**RECORDED INFORMATION**
···

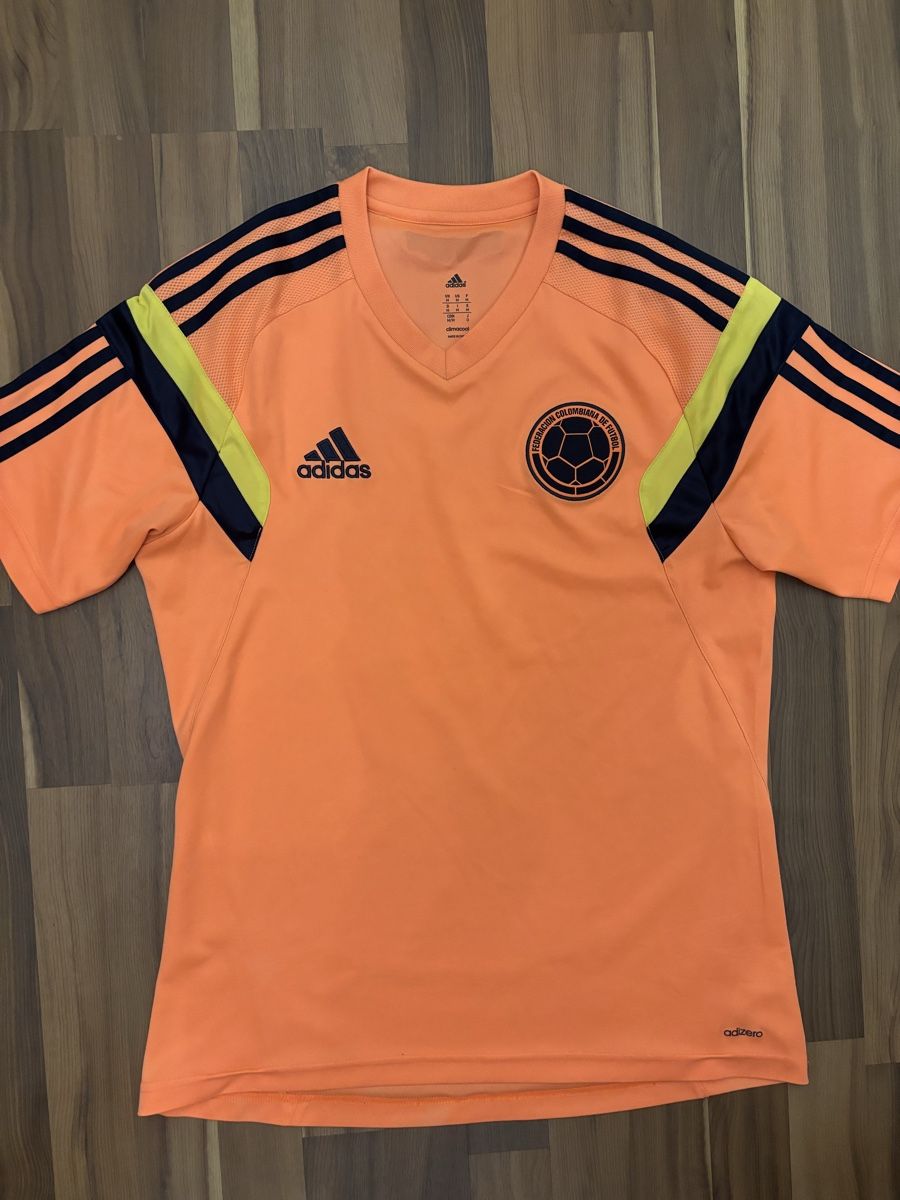 Adidas Canottiere & Pantaloni: Kolumbien Trikot, Grösse M – Nuovo (secondo la descrizione) da Zürich venduto da luk_jz5t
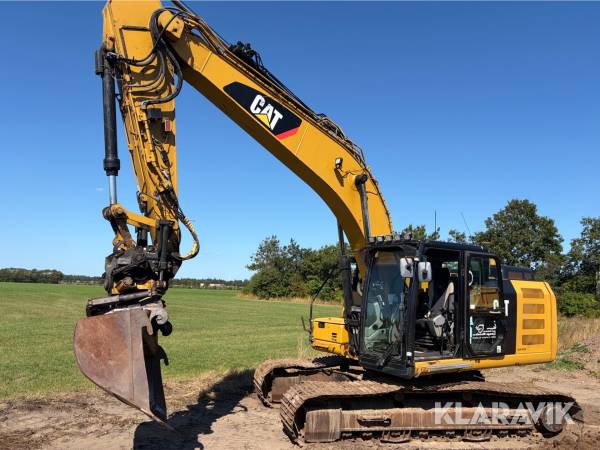 Gravemaskine CAT 323F L med Engcon og Leica GPS
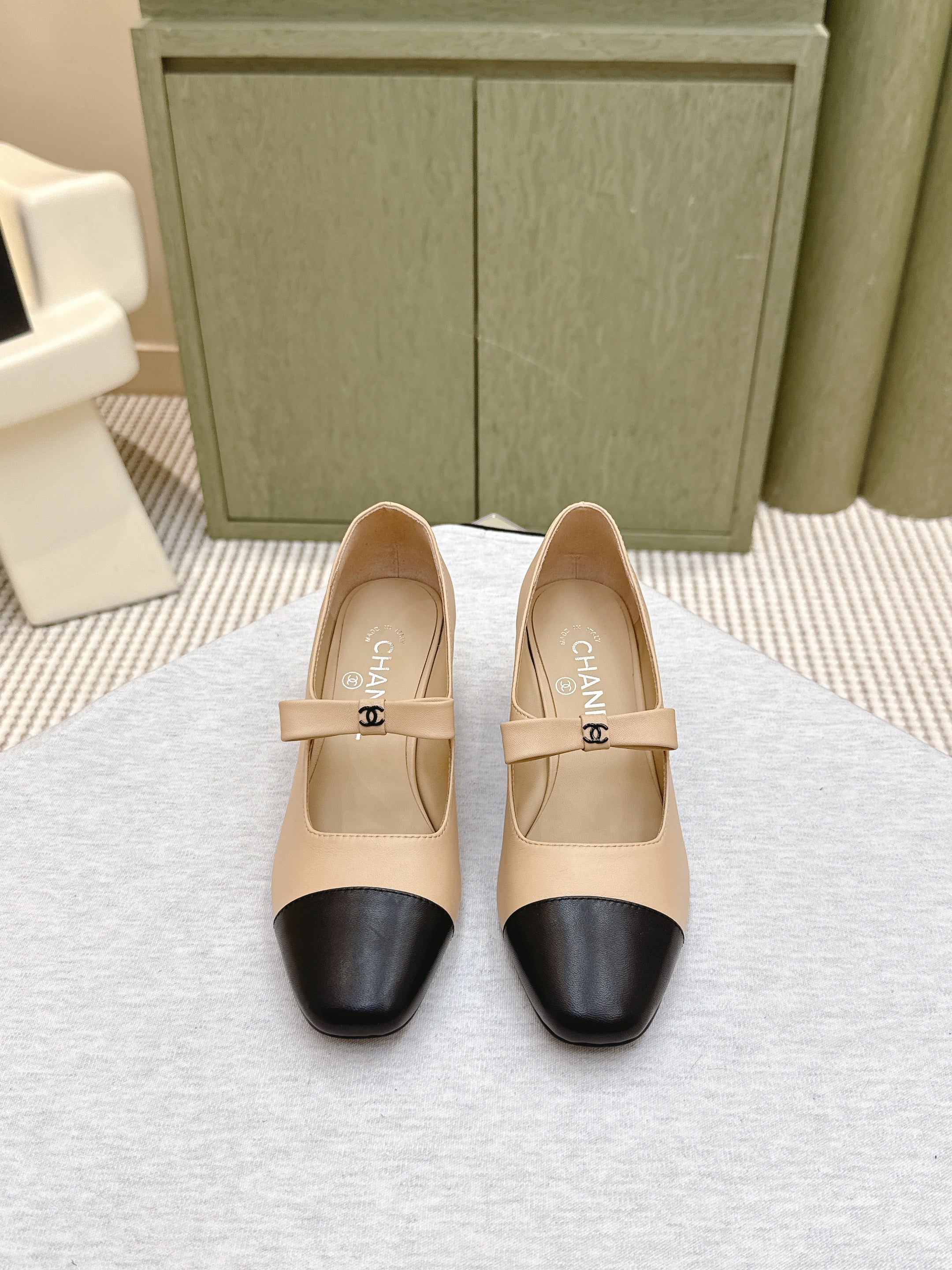 CHANEL 25S MARY JANE SHOES IN BEIGE SHEEPSKIN MIX BLACK GLOSSY WITH BOW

···

**PROBLEM TO WORK ON**
Omit the pictures. Repeat the rest of the data exactly.

**REPLY**
 Adidas Canottiere & Pantaloni: Kolumbien Trikot, Grösse M – Nuovo (secondo la descrizione) da Zürich venduto da luk_jz5t
 Gravemaskine CAT 323F L med Engcon og Leica GPS
 CHANEL 25S MARY JANE SHOES IN BEIGE SHEEPSKIN MIX BLACK GLOSSY WITH BOW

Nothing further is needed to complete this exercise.